TRUE BRUMMIE MODERATOR
Staff member
hi pen..you are ok to post on here re jordans grave as it is the jordans grave thread:)

lyn
 

Lady Penelope

master brummie
Thanks Lyn, it was more the theory of the Chester Road being re-routed that I was thinking was off-topic. It would be lovely to discover proof that it was.

Pedrocut, I had thought that it was earlier than the date you suggest as Goosemoor Lane goes straight on to Chester Road in this sketch and I understand that it didn't turn into Court Lane until after 1801 but I'm really interested to hear anything to the contrary.
There is an old note at the bottom of the map 'this is the place referred to in annexed award' and a more recent note 'with award at Warwick'. So it looks like a trip to Warwick doesn't it? Thanks for the info.

Viv, that's interesting, so far the poor bloke has been a murderer, a victim and now a suicide! The only thing we can be sure of is he's dead - or is he? Was it just someone named Jordan saying 'that looks like a grave' and everyone adopting it as his?

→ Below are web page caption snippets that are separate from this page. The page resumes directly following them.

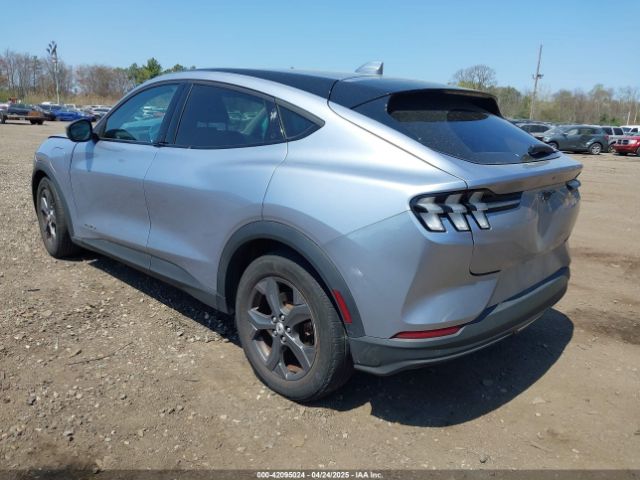 2022 FORD MUSTANG MACH-E 3FMTK1SS2NMA17670 Photo 2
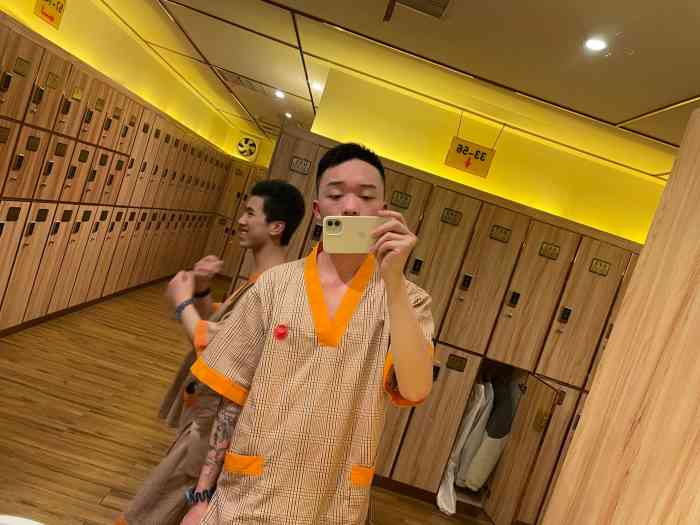 世新养生馆(福马路店)-"技师手法不错,按完很舒服,和朋友4个人一.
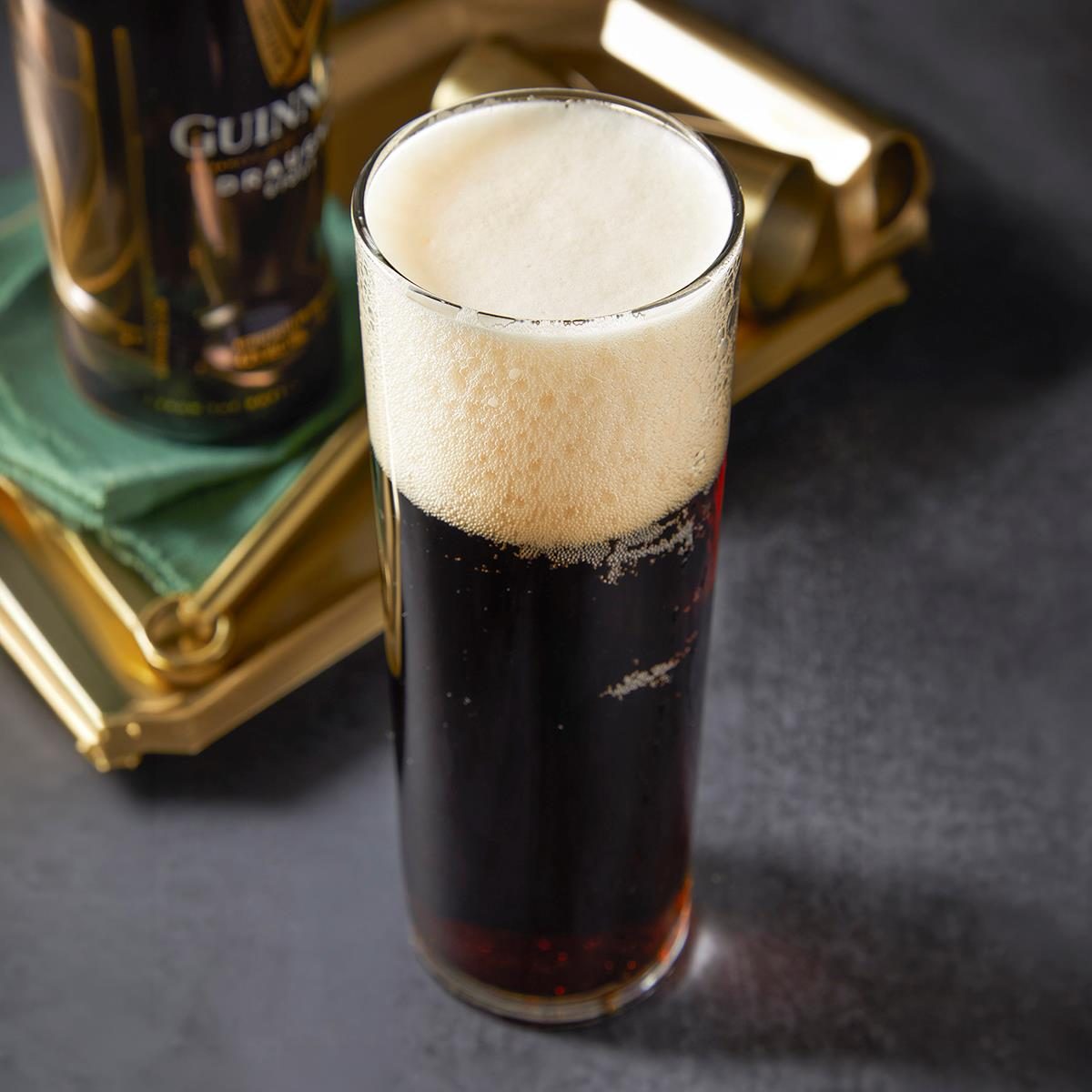 Black velvet cocktail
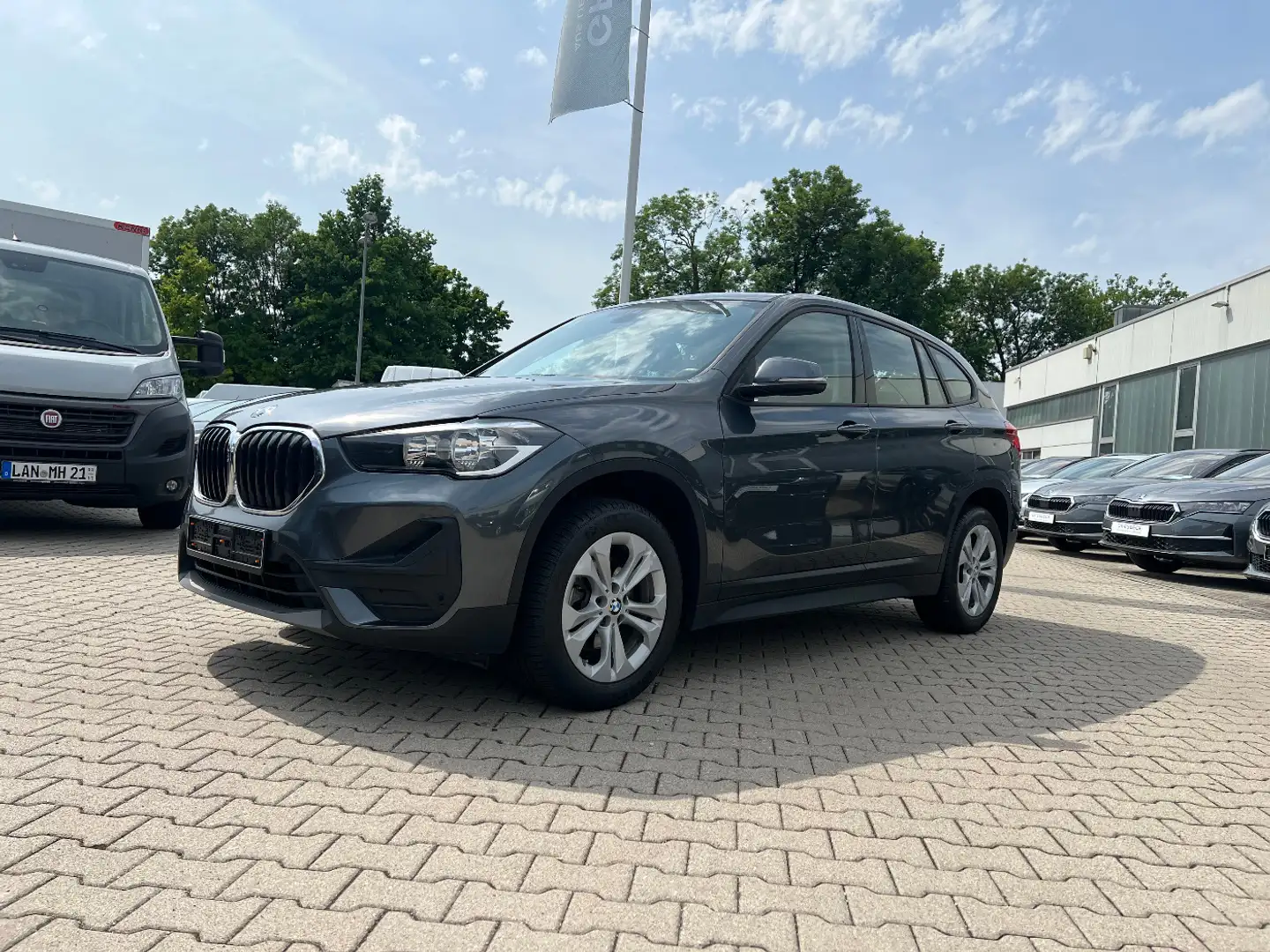 BMW X1 18 sDrive *Navi Leder Sitzh. Panorama Park* Grau - 1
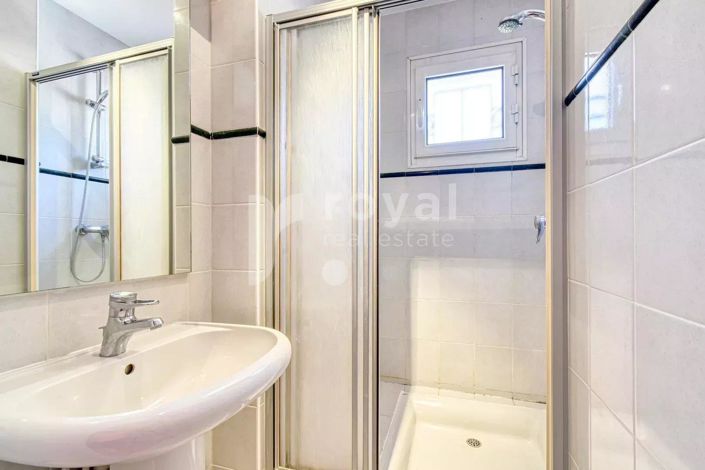 Image No.14-3 Bed House for sale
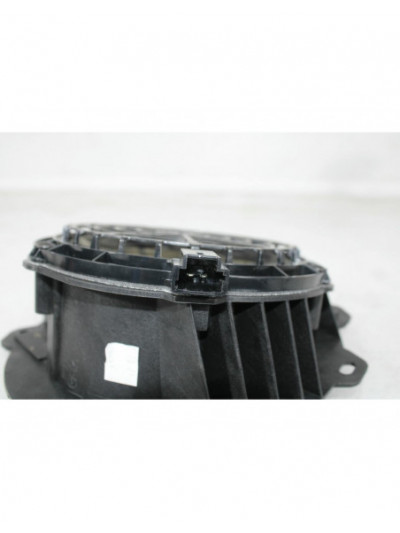 Recambio de altavoz delantero izquierdo para opel corsa f (p2jo) 1.2 (68) referencia OEM IAM 9818747880
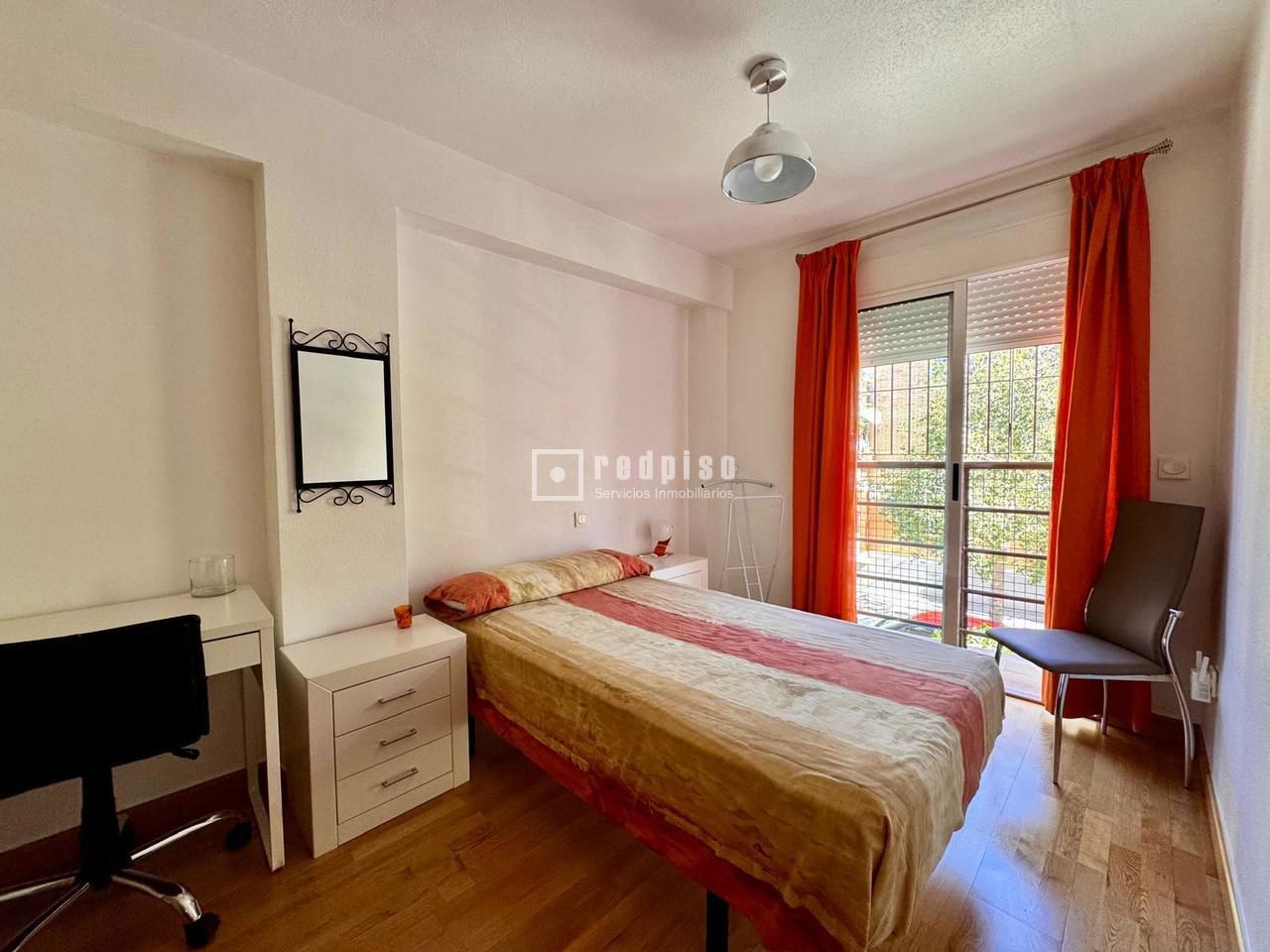 Casa en venta en  calle del Pintor Almela Costa, Murcia  30/59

I think I've got quite a lot of things to look at as I didn't know that this was what happened to suicides. I knew they had to be buried in unconsecrated ground but not at crossroads. Thanks.

On another note; I have never liked this stretch of the road even before I found out about it's gruesome history of graves and gibbets, and it's quite a family joke that I always turn left onto Monmouth Drive and come home through Boldmere unless I have to go to that part of the road for any reason.